Your email address will not be published. Required fields are marked *

  1. Marina says:

    I like incorporating the facade of old buildings into new ones.
    That said, there is also something disturbing about the sheer number of condos going up. When do we start to outpace the infrastructure we have?

    David, I’d love your take on the condo building being put up next to John Fisher up at Yonge and Eglinton. I’m super biased in absolutely hating that project, but I’d love a professional take on it.

    1. @ Marina

      It’s a sign of the times – that the City of Toronto disapproved of the project, and the Ontario Municipal Board gave it the green light.

      Developers run the city of Toronto. Without development levies and property taxes, the city would be bankrupt. Developers get to do what ever they want.

      I hate the idea of a 35-storey condominium being built on a tiny lot, overlooking morning and afternoon recess. But what’s worse, in the short-term at least, is going to be the 3-years of construction that leads to road closures, incessant noise during classes and outdoor activities, and dust and debris that no child should have to deal with.

  2. Natrx says:

    It’s funny. The very thing that gave Toronto it’s character (old buildings, small shops) are all being replaced by Condos. The Yonge corridor, especially Yonge and Bloor and Eglinton come to mind.

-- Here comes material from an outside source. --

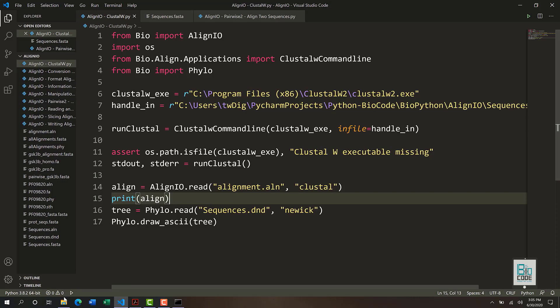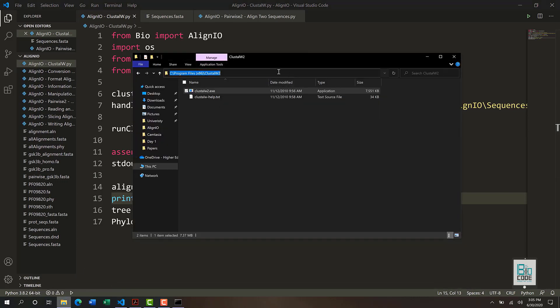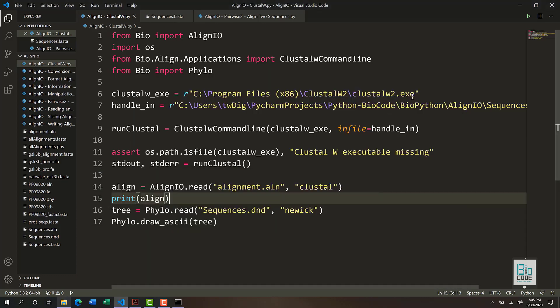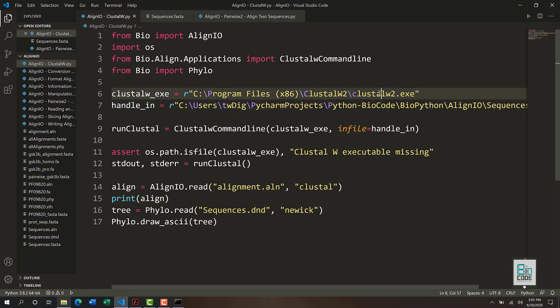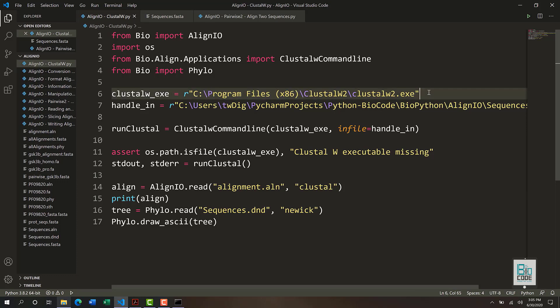To do that, first you need to install ClustalW on your computer. It is available within Program Files on my computer, but you need to install it first. You will find the link to install ClustalW in the description — open that file, download it, and install it. It will probably install within Program Files. Once you have installed it, you will be able to run this command line software within Python.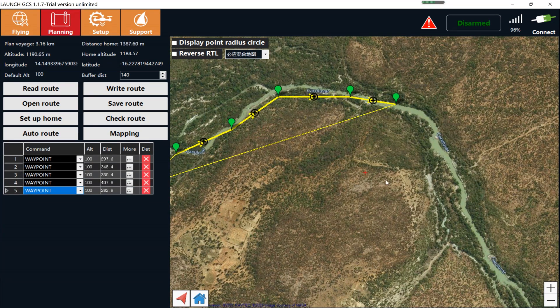Make sure there are no obstructions — no high buildings or tall trees higher than your waypoint in this path. If the path is clear, put the mouse to the location and right-click the mouse.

    Why not just get rid of every small business building, apt, heritage building, etc., and replace it with condos. This whole idea about shops and parks is nonsense. The city should be wall to wall condos all throughout.

  3. sevyn says:

    DON’T DO IT. I am against it completely. We should leave historic buildings alone as long as they are not falling apart outside and leaving debris.

  4. T says:

    Tear them all down! Who cares about these old absoestos and mould infested structures? The ugly facades are keeping property values down in the areas around these old properties.

  5. Joel says:

    As long as they leave the brick up, or restore and replace it I am fine with it. What Loblaws is doing on Queens Quay comes to mind and I like that project. Loblaws also did wonders with the Maple Leaf Gardens.

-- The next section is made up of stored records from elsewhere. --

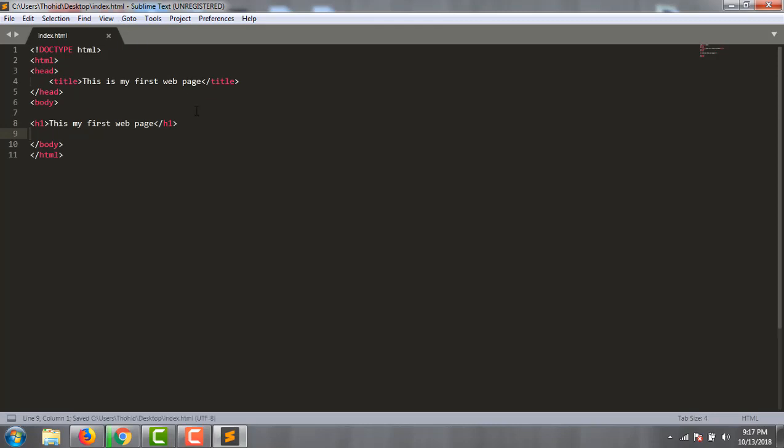If you use Sublime Text, you will feel it is a good editing environment for writing HTML, CSS, or PHP code.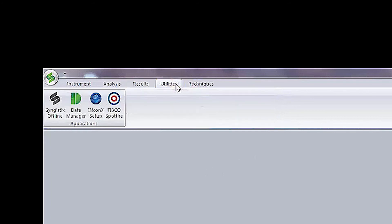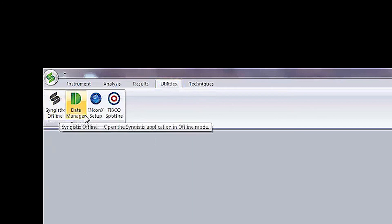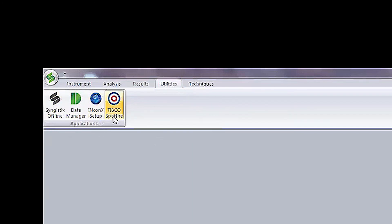The fourth is the Utilities tab. Here you can access all additional applications that interface with Syngistics.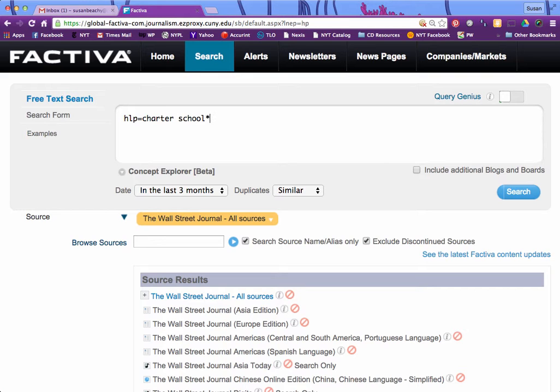We're going to add the asterisk, which is the truncation character. This is going to find 'charter school', 'charter schools', 'charter schooling' — anything that starts with 'charter school'.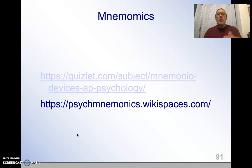Here are a couple of different mnemonic sites. Quizlet does have mnemonics, so both of those are possible sites to go to. If you open up the PowerPoint, you can just click on them and they'll take you there.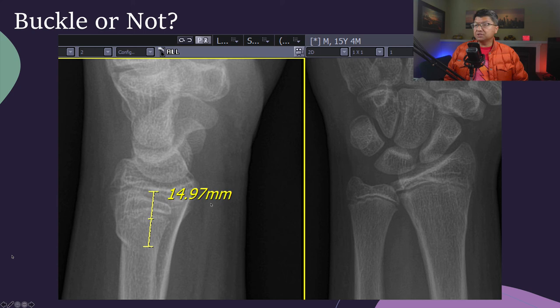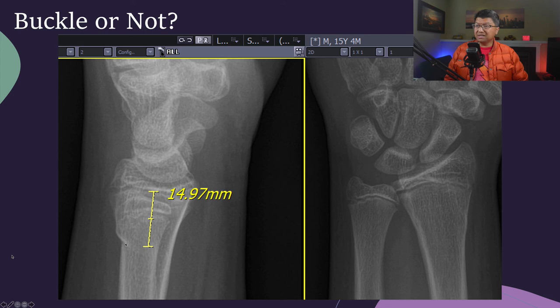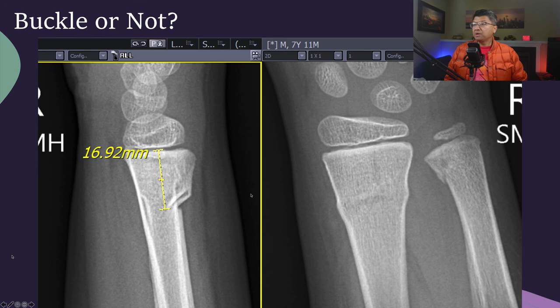One more case — a fall on an outstretched hand in a 15-year-old. The fracture-to-physis distance is about 15 millimeters. There's not a lot of angulation, and I don't see a fracture line extending to the volar cortical surface. But if I look at the dorsal side, there is frank discontinuity between this cortex and the buckled cortex. So this is not a simple buccal fracture, and I would classify this as a transverse incomplete fracture.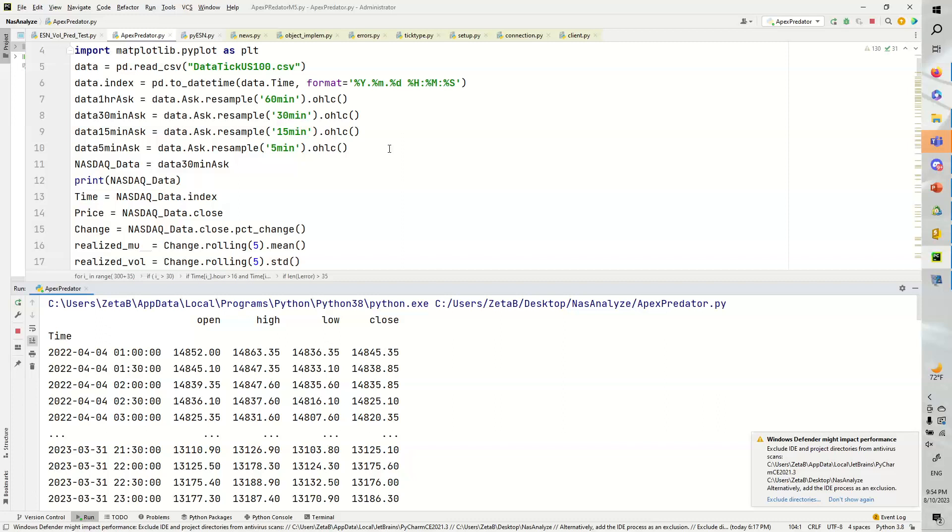Imagine you have 100 stock predictions from this algorithm and you want to find the difference between the predictions and the actual prices. Well, that itself is kind of like a stochastic process.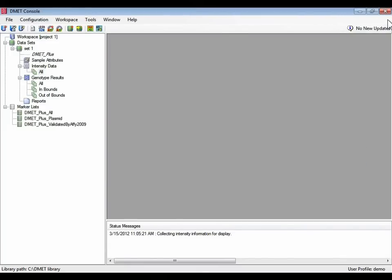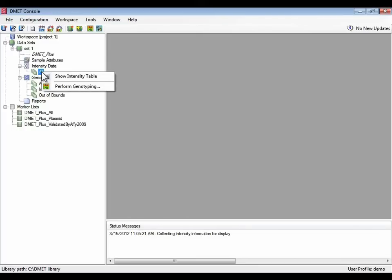Another way of accessing it is by just control clicking on the intensity data all group and perform genotyping. Again, this does the same as selecting all the rows in the table and saying perform genotyping.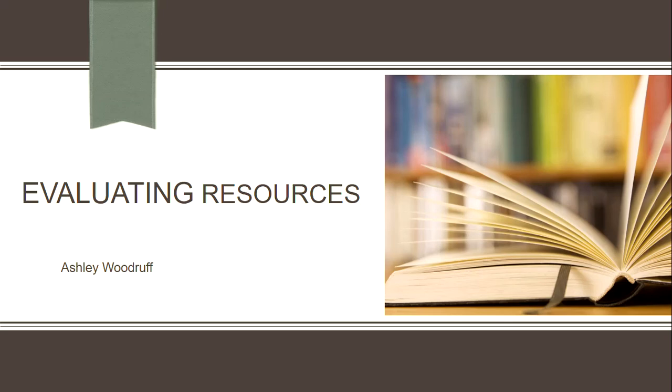Hello, my name is Ashley Woodruff and I'm one of the reference and instruction librarians here at Clayton State.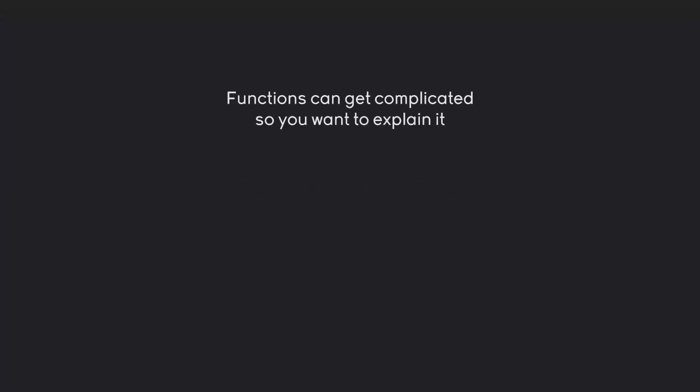For this part we're going to talk about documenting functions. And this is incredibly important, although we're not adding more functionality. All we're doing here is explaining what our function does. And this might not seem important, but it really is. Because functions can get really complicated, so you want to explain them.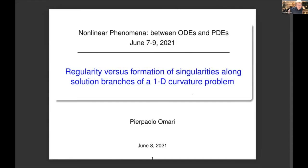Now, time to introduce the next speaker, my dear friend Pierpaolo Omari from Trieste. He's going to address a talk on regularity versus formation of singularities along solution branches of a 1D curvature problem. Please, Pierpaolo.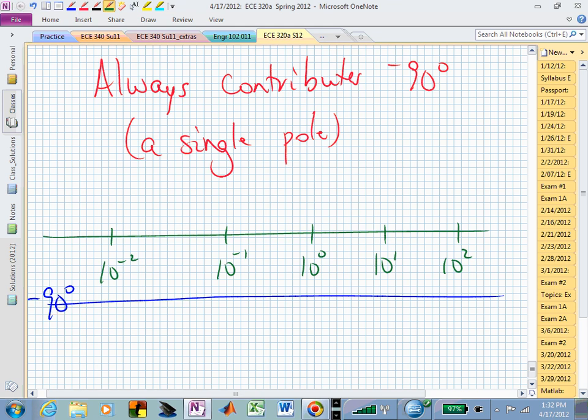These poles and zeros at the origin are easy to sketch — you don't have to worry about when they turn on or turn off. You simply go to your plot and sketch a straight line at −90 degrees (for a pole), and that's true for all frequencies. If you forget the angle, just sketch the S-plane, put the pole down, and realize you're always turning 90 degrees to see that pole as you walk up the imaginary axis.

    There are few buildings in Toronto that I think need to be left as is, and this is not one. Now if the St.Lawrence market were to be turned into condos I would be upset.

  6. esmeralda says:

    I also live in the St. Lawrence neighborhood and I”m saddened by this. Based on the notice, it is a 17-storey twoer that will be wedged in & over this heritage building. Is this even in keeping with other buildings that are not as high in the surroundings? I know you can’t stop progress… but gee whiz can we get away from yet another glass tower replicant??

  7. johnny chase says:

    There is good heritage and then there is bad heritage. Take a look at 25 Ontario… apparently it’s a heritage building and the facade needs to be kept.

    1. Geoff says:

      +1 on good heritage and bad heritage. Just cause it’s old, don’t make it good…. (though undoubtedly this opens up a can of worms on who gets to decide what’s good or not, even if 90% of people can agree that still leaves the 10% who don’t).

      1. jeff316 says:

        Agreed. We venerate some pretty average architecture simply because we’re young. I’m less concerned about saving every brick building and more concerned with the quality and the character of what’s being put up.